Cellular response to stress and toxic insults: adaptation, injury, and death Flashcards
(50 cards)
What is adaptation?
Adaptations are reversible functional and structural responses to changes in physiologic states and some pathologic stimuli, during which new but altered steady states are achieves, allowing cell to survive and continue to function. When the stress is eliminated the cell can recover to its original state.
What is hypertrophy? What types are there? What causes it?
An increase in the size of cells resulting in an increase in the size of the organ.

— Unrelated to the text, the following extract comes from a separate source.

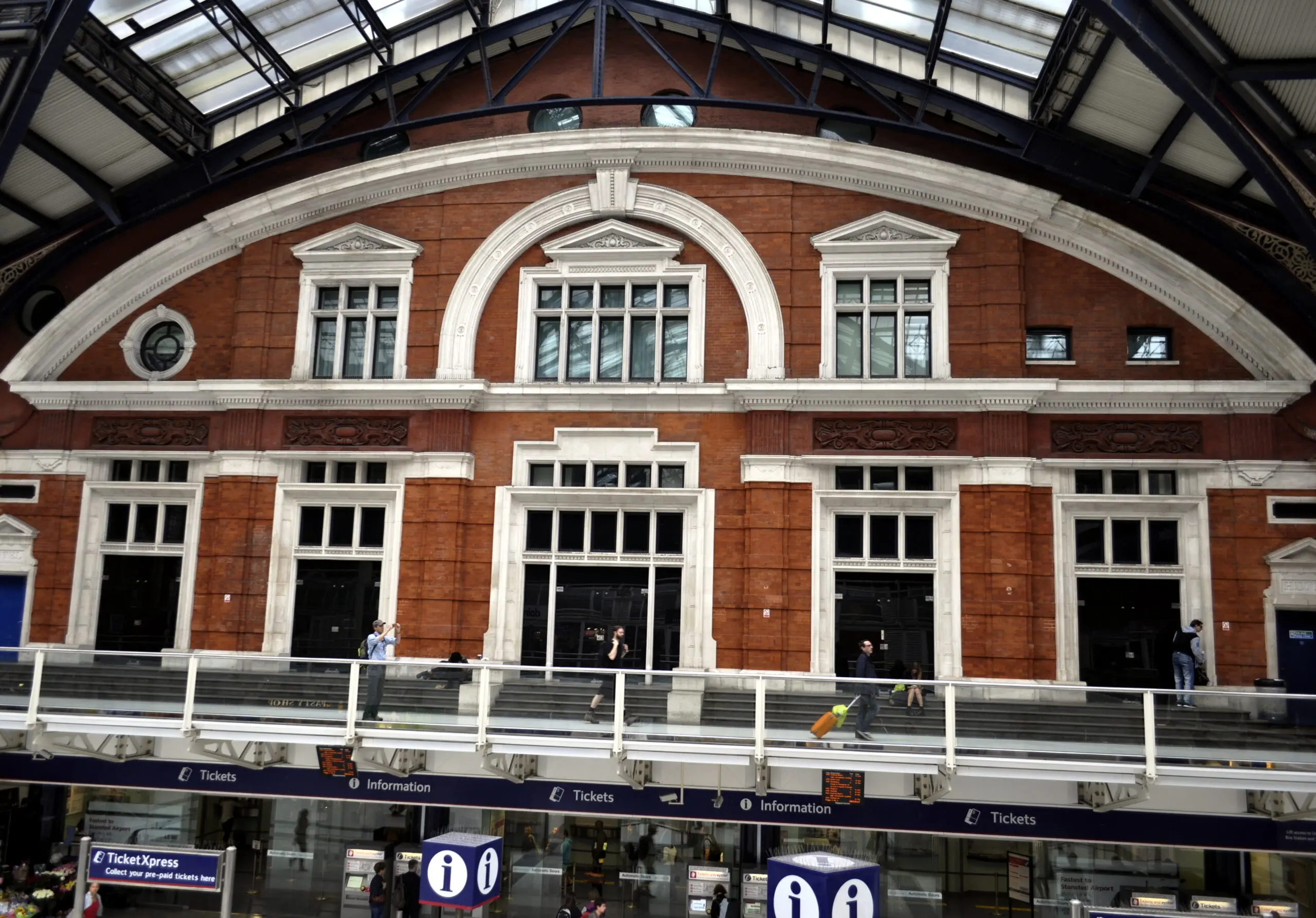 Trains standing at platforms inside London Liverpool Street station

It can be physiologic (enlargement of uterus during pregnancy) or pathologic (enlargement of cardiac muscle due to hypertension) and is caused either by increased functional demand (workload) or by growth factor or hormonal stimulation.
Name 3 transcription factors important in hypertrophy!
What are there function?
GATA4
NFAT
MEF2
Increase protein synthesis
What are the pathogenesis of hypertrophy?

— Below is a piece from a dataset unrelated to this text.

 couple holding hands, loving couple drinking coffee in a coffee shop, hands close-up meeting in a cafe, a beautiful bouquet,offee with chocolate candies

Hypertrophy is the result of increased production of cellular proteins.
Three basic steps in the molecular pathogenesis of cardiac hypertrophy:
- The integrated actions of mechanical sensors (increased workload), growth factors (TGF-beta, IGF1, fibroblast growth factor) and vasoactive agents (alfa-adrenergic agonists, endothelin-1, and angiotensin II).
- These signals originating in the cell membrane activate a complex web of signal transduction pathways. Two such biochemical pathways involved in muscle hypertrophy are the phosphoinositide 3-kinase (PI3K)/ AKT pathway (important in physiologic, exercise-induced, hypertrophy) and signaling downstream of G-protein-coupled receptors (induced by many growth factors and vasoactive agents, important in pathologic hypertrophy).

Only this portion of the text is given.